A "GameStopper" Of A Problem in Video Games
Reuben is a member of The Motley Fool Blog Network -- entries represent the personal opinion of the blogger and are not formally edited.
The video game industry's moving rapidly into cloud computing for more than just gameplay. While that's great news for most game and console makers, it could spell disaster for another company.
The traditional method for a video game sale was that a customer would buy a physical copy of a game, bring it home, and play, usually for hours at a time, on a personal computer or a dedicated game console. The game maker got paid, the game retailer got paid, and the console maker got its cut from the game maker. Moreover, the individual had their physical copy of the game which could be used as a trade in when he or she grew tired of it.
The Used Market
The used game market is an important part of the video game ecosystem. While more diversified retailers can't really tap into that market, dedicated video game store GameStop (NYSE: GME) has in a big way. In fact, over 25% of its top line is tied to used games and gear. That's the second largest source of revenue at the company, after the sale of new games, which represents about 40% or so of the top line. GameStop's focus, however, makes the company most at risk to changes in technology and customer behavior.
A Changing Market
Unfortunately for GameStop, the coming changes can't be stopped and it knows it. From the 2011 annual report: “We expect that future growth in the video game industry will be driven by the sale of video games delivered in digital form and the expansion of other forms of gaming.” And “Our financial results depend on our ability to take trade-ins of, and sell, used video game products and used mobile devices within our stores.” Basically, a move to digital distribution is going to be a big issue for the 40% of revenue earned from new product sales and the 25% or so of revenue that comes from used items.
Not an Attack
The thing about the coming shift is that it is less about an attack on GameStop than it is about changing customer patterns.
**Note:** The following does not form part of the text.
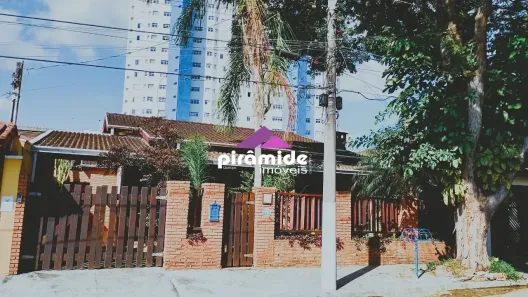 Casa com 5 Quartos para alugar, 180m² no Bosque dos Eucaliptos, São José dos Campos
The move to online play has been happening for years, with massive multiplayer games sold by Activision Blizzard and Electronic Arts (NASDAQ: EA) making use of the Internet to allow gamers to play with and against each other for quite some time now. This has gotten gamers very comfortable with the use of the Internet as it relates to their hard-core gaming.
This shift will be good for the game makers, with Electronic Arts' CFO Blake Jorgensen explaining why in a recent quarterly conference call, highlighting that digitally delivered products “have no physical goods costs, and there is no associated price protection. Eliminating these expenses provides greater savings resulting in higher margins.”
Still, both Activision and Electron Arts are working to make the digital shift happen because their customers desire it. The game console companies, meanwhile, are also working toward that same end, with Sony's (NYSE: SNE) new PlayStation a prime example. Its likely use of the so-called “cloud” was telegraphed by the purchase of Gaikai, a cloud gaming network, in 2012. All of these companies are set to benefit from this change.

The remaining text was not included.